Where I can, I like to share reviews that I think capture a collection, this is one from David Cooke on Love Poems 1979 – 2009 Ian Parks, Flux Gallery Press, Leeds, 2009. ISBN: 978-0-9560688-2-8. £7.95
Ian Parks’ Love Poems is a substantial gathering of more than seventy pieces, many of which have appeared in earlier collections. It also contains previously uncollected poems and more recent work which appears here for the first time. The volume brings together all the love poems that the poet wishes to keep in print so that in some ways it has the feel of a ‘collected’ edition. However, it is actually a ‘selected poems’ because it omits much fine work on unrelated themes.
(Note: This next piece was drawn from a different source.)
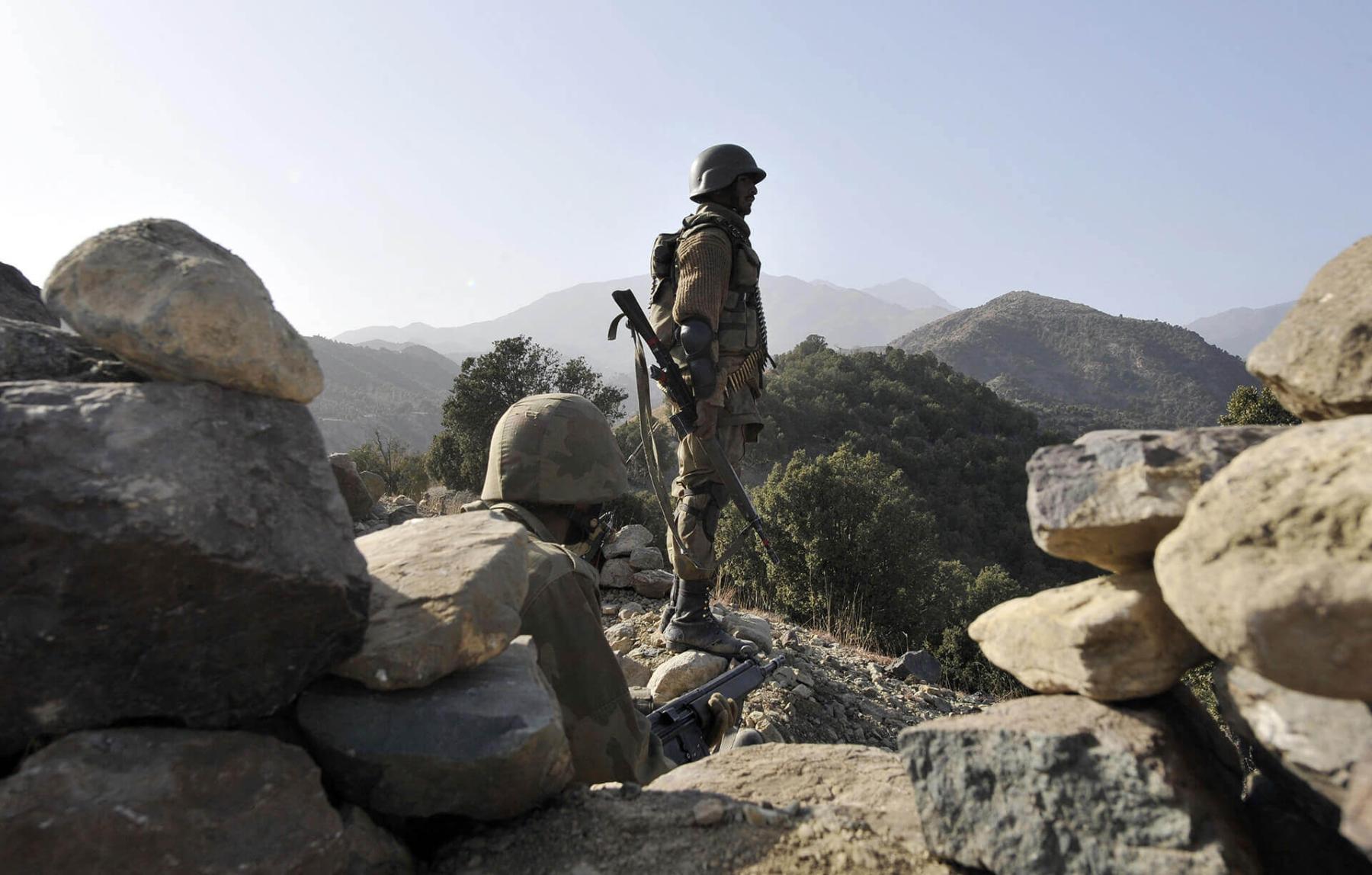 Pakistani soldiers are pictured on 17 November 2009, standing guard in Ladha town, which was the stronghold of Taliban militants in South Waziristan.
In fact, in his interesting Preface to the new book Parks explains how he never really set out to be a ‘love poet’ at all and that over the years these poems simply accumulated, seeming ‘almost an afterthought’, whilst he was working on things which at the time seemed ‘more important.’ They are poems, then, that were written because they needed to be and this sense of being taken by surprise is not dissimilar to the way in which they work upon the reader.
Typically, the poems consist of brief narratives where the reader’s attention is first attracted by the understated evocation of some landscape: ‘Think back: remember the lighthouse / poised on the windswept head’; or an interior as here in ‘The Gallery’:
A wedge-shaped room with windows to the street
and branches agitating the cold pane.
That’s where I met you, where I let you go…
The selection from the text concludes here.